● GOAL OF THE EXERCISE
Would you print every entry below exactly as written, omitting the images?

"""

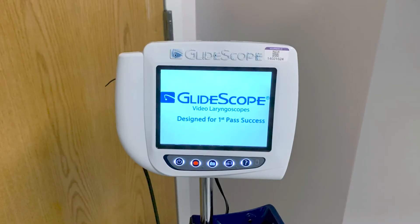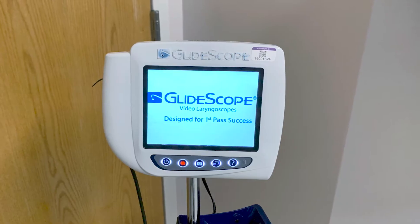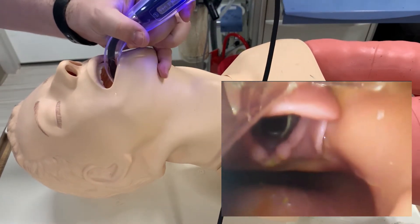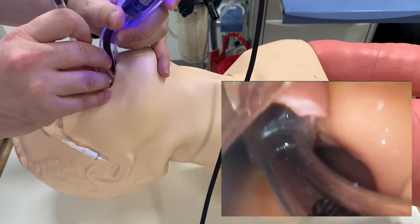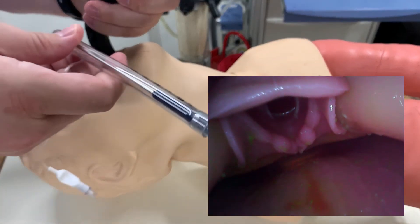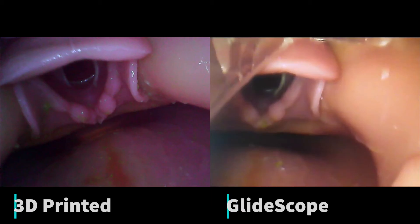Now that we've discussed the 3D printed laryngoscope in depth, let's test it out against a commercial device. We'll compare the 3D printed device with a GlideScope, a very popular video laryngoscope used in many hospitals in the US. The GlideScope inserts easily into this model and produces a clear grade 2a view, allowing for a straightforward intubation. Comparatively, the 3D printed laryngoscope also produces a clear grade 2a view. Comparing the two views side by side, we see that the $7 3D printed device provides a non-inferior intubation view to a $3,000 commercial device.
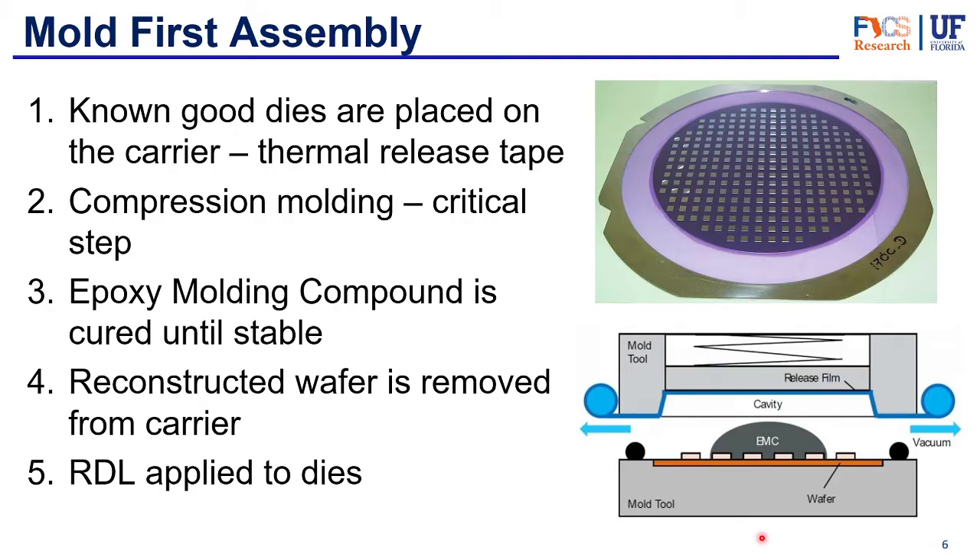The molding step is the most critical part of the process, because how the molding positions determines the whole geometry of the reconstructed wafer — any issue here could damage the whole wafer. The molding compound then cures until stable and solid. After curing, the carrier with the tape is removed, leaving the wafer with the known good dies positioned with space between them. Finally, the RDL and solder balls are applied, completing the package, which then just needs to be diced and shipped.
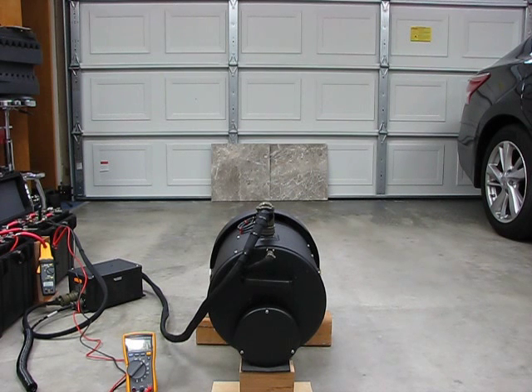Spectralab Night Sun on battery pack. Starting voltage 29.86.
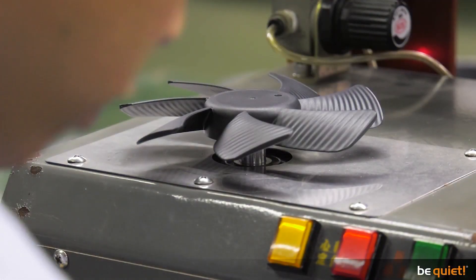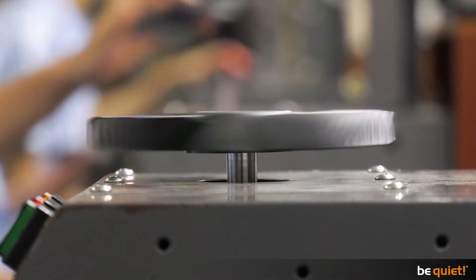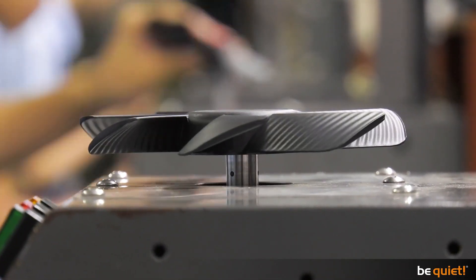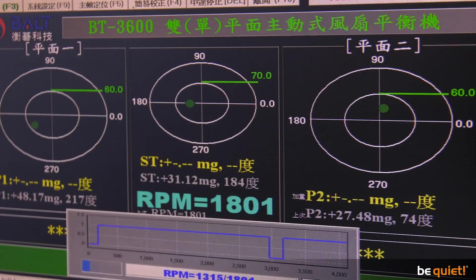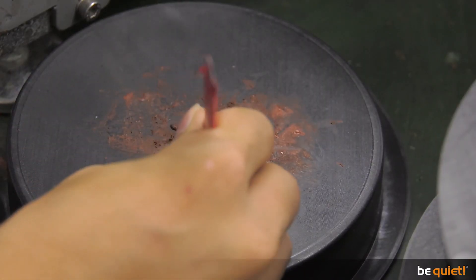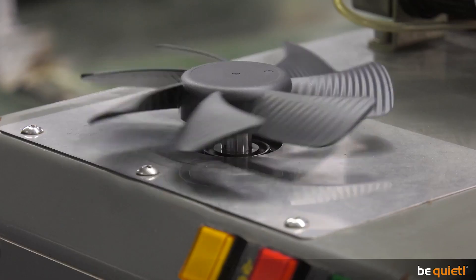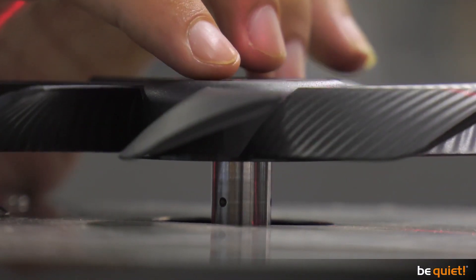First, I'll show you how it had been done in the past — being tested several times, automatically and manually. This is highly important as even the tiniest vibration results in unwanted noise. Minimal rotation deviations are registered, whereupon a tiny amount of special dough is applied to counteract this. Rinse and repeat until the fan runs absolutely smoothly. As you can see, after each spin test, the calibration process needed to be finalized manually.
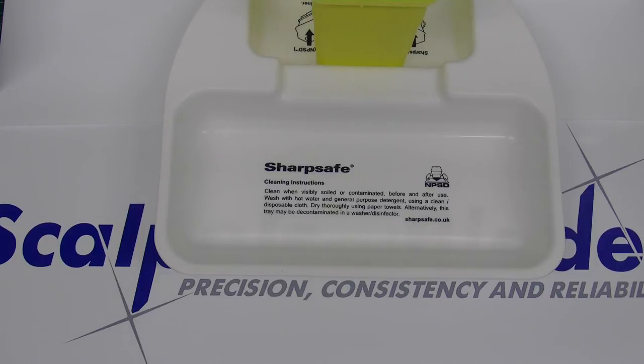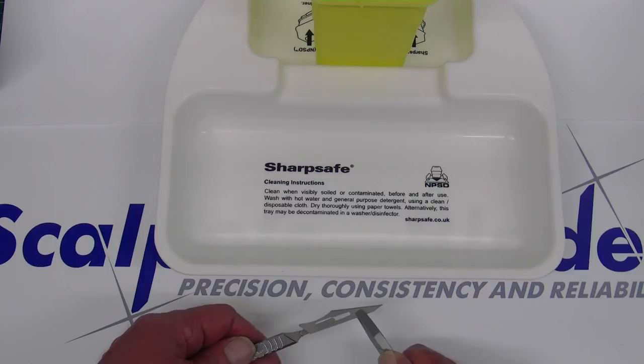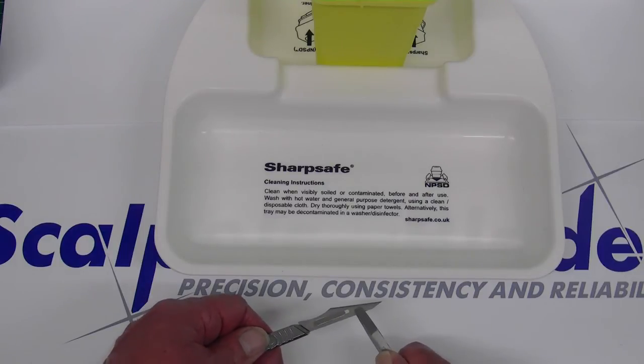For the blade fitting, hold the blade in either a pair of forceps or pliers, ensuring whichever tool you use grips the blade away from the cutting edge. Offering the blade to the handle, push along the slot of the handle and you'll hear it click into position.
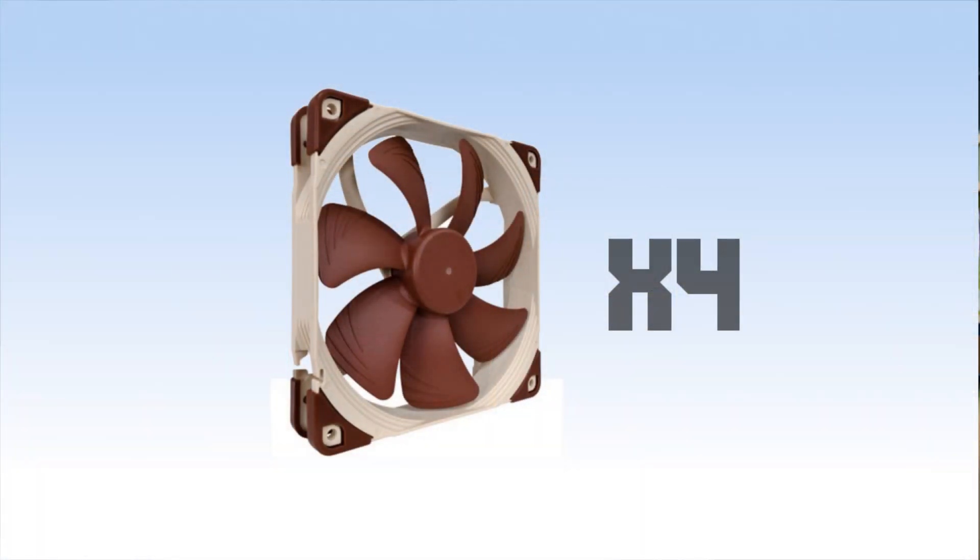For case fans I decided to go with four Noctua A14 fans. A lot of people are thrown off by the color but you can mod them any way you like. They're quiet, and with this being a $5,000 build you want to preserve your parts as much as possible. These will bring a lot of cool air through and expel hot air out of the case, which is great for the system.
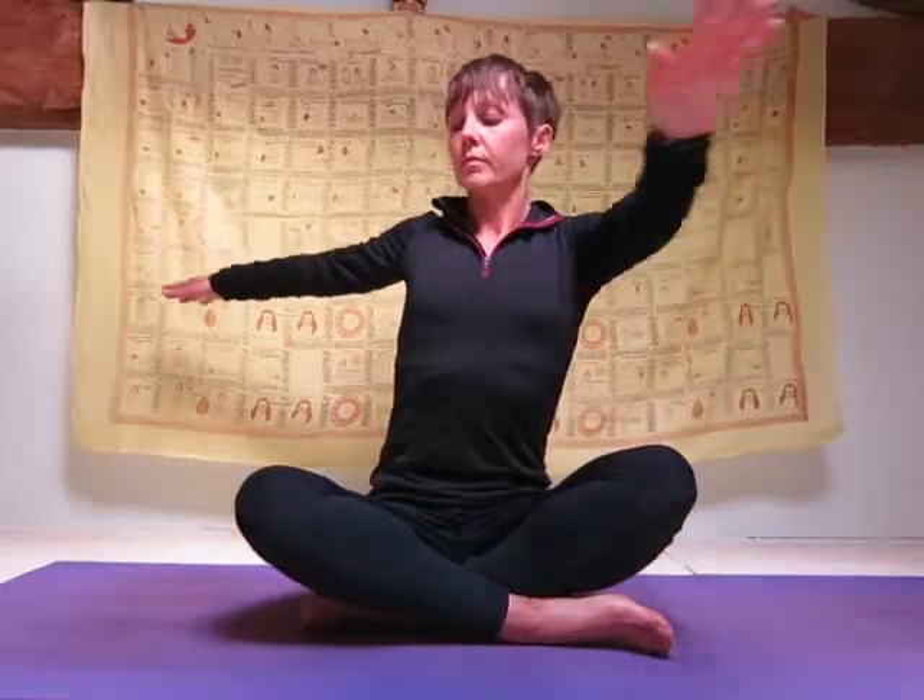To practice easy pose with a twist, first sit cross-legged in easy pose with your back straight. Inhale and raise your arms out to the side at shoulder level, then exhale and twist your upper body bringing your left hand...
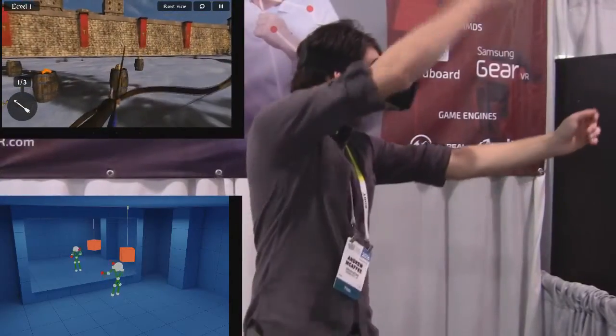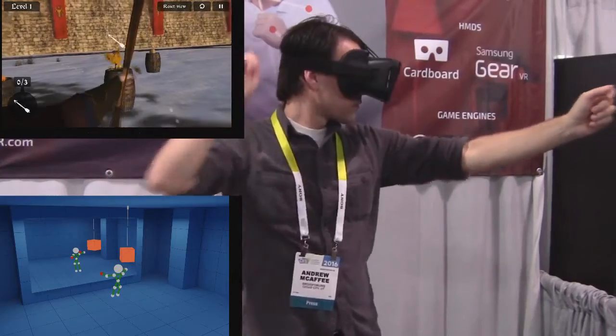Not everyone likes virtual reality, but everyone knows Microsoft Kinect. Now Android developers can build the same type of applications, but for Android — Android TV, Shield, and other Android game consoles. I've had a chance to play around with it for a little bit, and it's actually quite fun. The archery game is a whole lot of fun on this.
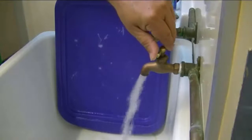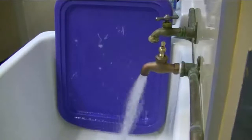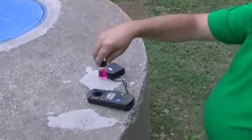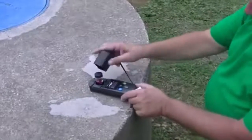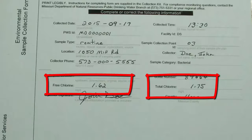Before collecting your sample, flush the tap fully by opening the valve all the way and letting the water run for several minutes — 3 to 5 minutes is recommended. While flushing, test your water for free and total chlorine residuals, or for monochloramine residual depending upon the disinfectant used, if your supply disinfects its water. Write your results on the accompanying sheet.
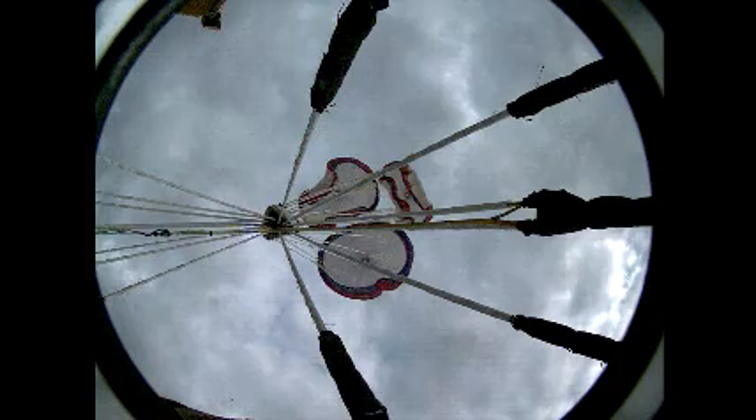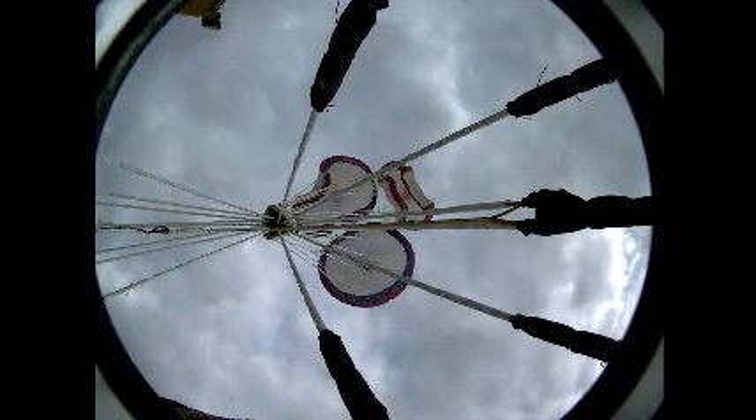And that's very good because now we can see in real time as the chutes are actually inflating — they're at the first reef stage. We control and balance the loads by reefing the parachutes. They open in three stages with these mains, and now you're seeing them open up to the second stage. And I think now your camera is slowed down again, Jeremy — tell us why.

"""

● ANSWER FOR THIS EXERCISE
Now that we've discussed the 3D printed laryngoscope in depth, let's test it out against a commercial device. We'll compare the 3D printed device with a GlideScope, a very popular video laryngoscope used in many hospitals in the US. The GlideScope inserts easily into this model and produces a clear grade 2a view, allowing for a straightforward intubation. Comparatively, the 3D printed laryngoscope also produces a clear grade 2a view. Comparing the two views side by side, we see that the $7 3D printed device provides a non-inferior intubation view to a $3,000 commercial device.
The molding step is the most critical part of the process, because how the molding positions determines the whole geometry of the reconstructed wafer — any issue here could damage the whole wafer. The molding compound then cures until stable and solid. After curing, the carrier with the tape is removed, leaving the wafer with the known good dies positioned with space between them. Finally, the RDL and solder balls are applied, completing the package, which then just needs to be diced and shipped.
Spectralab Night Sun on battery pack. Starting voltage 29.86.
First, I'll show you how it had been done in the past — being tested several times, automatically and manually. This is highly important as even the tiniest vibration results in unwanted noise. Minimal rotation deviations are registered, whereupon a tiny amount of special dough is applied to counteract this. Rinse and repeat until the fan runs absolutely smoothly. As you can see, after each spin test, the calibration process needed to be finalized manually.
For the blade fitting, hold the blade in either a pair of forceps or pliers, ensuring whichever tool you use grips the blade away from the cutting edge. Offering the blade to the handle, push along the slot of the handle and you'll hear it click into position.
For case fans I decided to go with four Noctua A14 fans. A lot of people are thrown off by the color but you can mod them any way you like. They're quiet, and with this being a $5,000 build you want to preserve your parts as much as possible. These will bring a lot of cool air through and expel hot air out of the case, which is great for the system.
To practice easy pose with a twist, first sit cross-legged in easy pose with your back straight. Inhale and raise your arms out to the side at shoulder level, then exhale and twist your upper body bringing your left hand...
Not everyone likes virtual reality, but everyone knows Microsoft Kinect. Now Android developers can build the same type of applications, but for Android — Android TV, Shield, and other Android game consoles. I've had a chance to play around with it for a little bit, and it's actually quite fun. The archery game is a whole lot of fun on this.
Before collecting your sample, flush the tap fully by opening the valve all the way and letting the water run for several minutes — 3 to 5 minutes is recommended. While flushing, test your water for free and total chlorine residuals, or for monochloramine residual depending upon the disinfectant used, if your supply disinfects its water. Write your results on the accompanying sheet.
And that's very good because now we can see in real time as the chutes are actually inflating — they're at the first reef stage. We control and balance the loads by reefing the parachutes. They open in three stages with these mains, and now you're seeing them open up to the second stage. And I think now your camera is slowed down again, Jeremy — tell us why.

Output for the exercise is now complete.